* _PROBLEM DESCRIPTION_
From the first line to the last, copy the material exactly and leave the pictures out.

* _DATA PROVIDED_
::::::::::

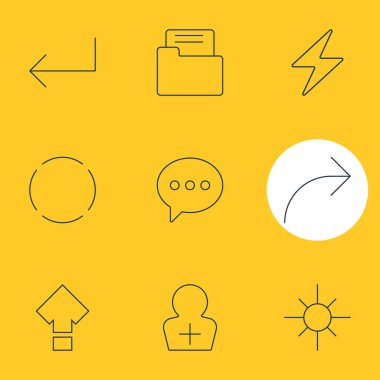 9 kullanıcı arayüzü simgeler vektör Illustration. Payı, güneş ışığı, Yinele ve diğer öğeleri düzenlenebilir paketi.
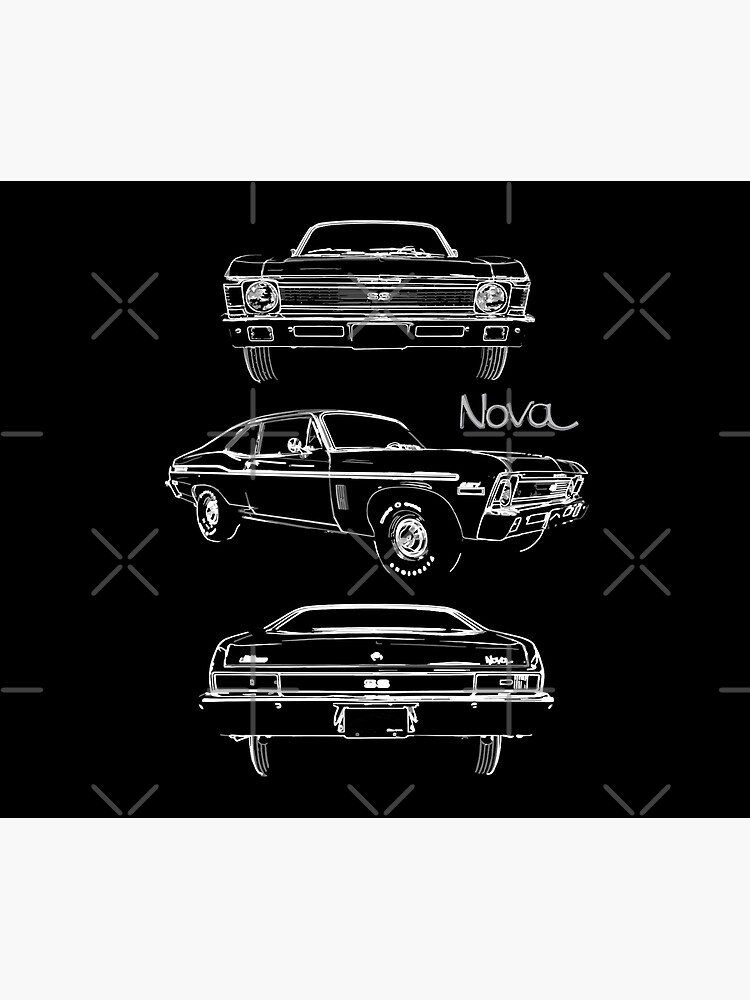 Thumbnail 6 of 6, Throw Blanket, 1972 Chevy Nova SS 427 Collector Car designed and sold by FromThe8Tees.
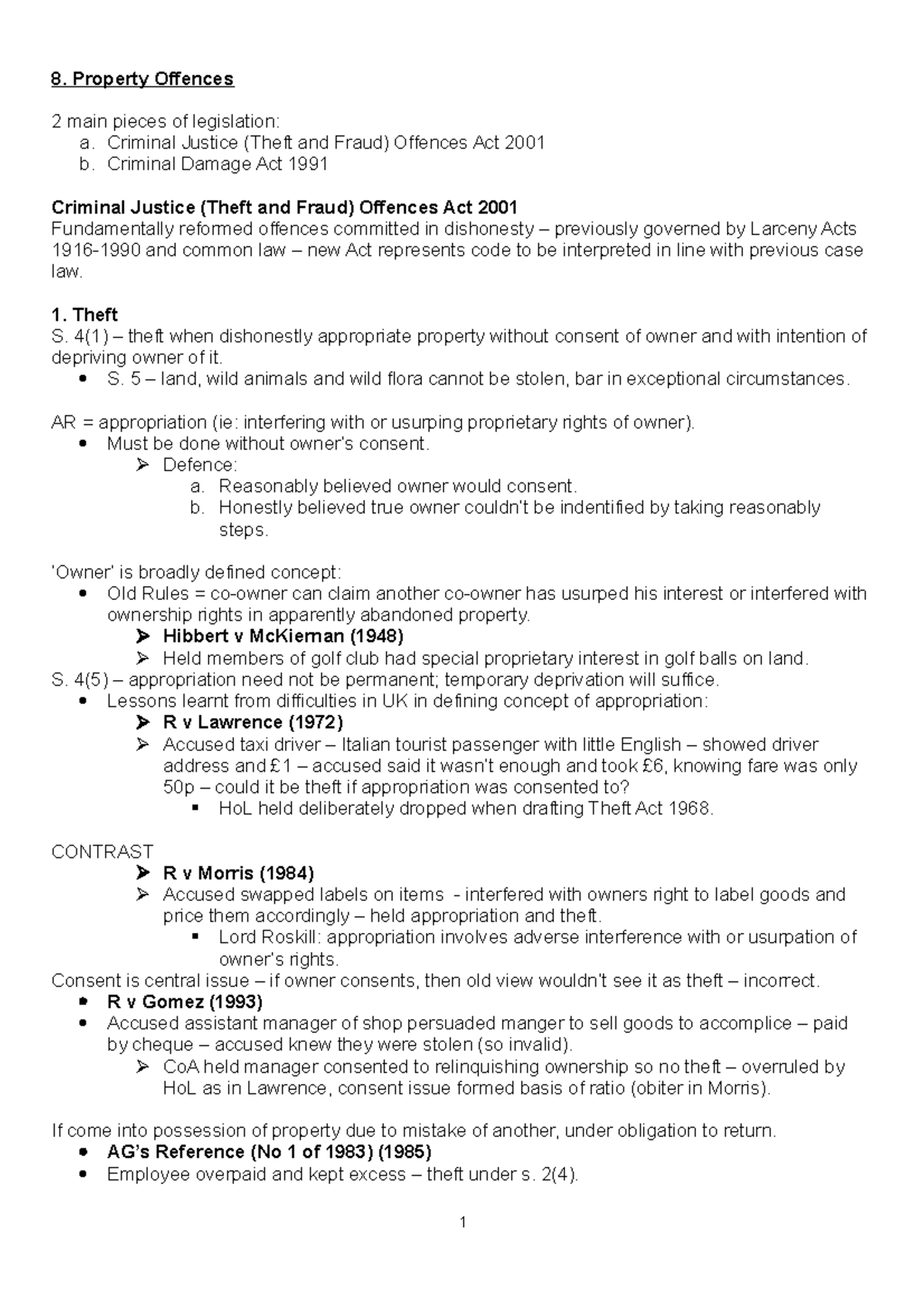 8. Property Offences - Property Offences 2 main pieces of legislation ...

::::::::::

* _WRITTEN RESPONSE_
 9 kullanıcı arayüzü simgeler vektör Illustration. Payı, güneş ışığı, Yinele ve diğer öğeleri düzenlenebilir paketi.
 Thumbnail 6 of 6, Throw Blanket, 1972 Chevy Nova SS 427 Collector Car designed and sold by FromThe8Tees.
 8. Property Offences - Property Offences 2 main pieces of legislation ...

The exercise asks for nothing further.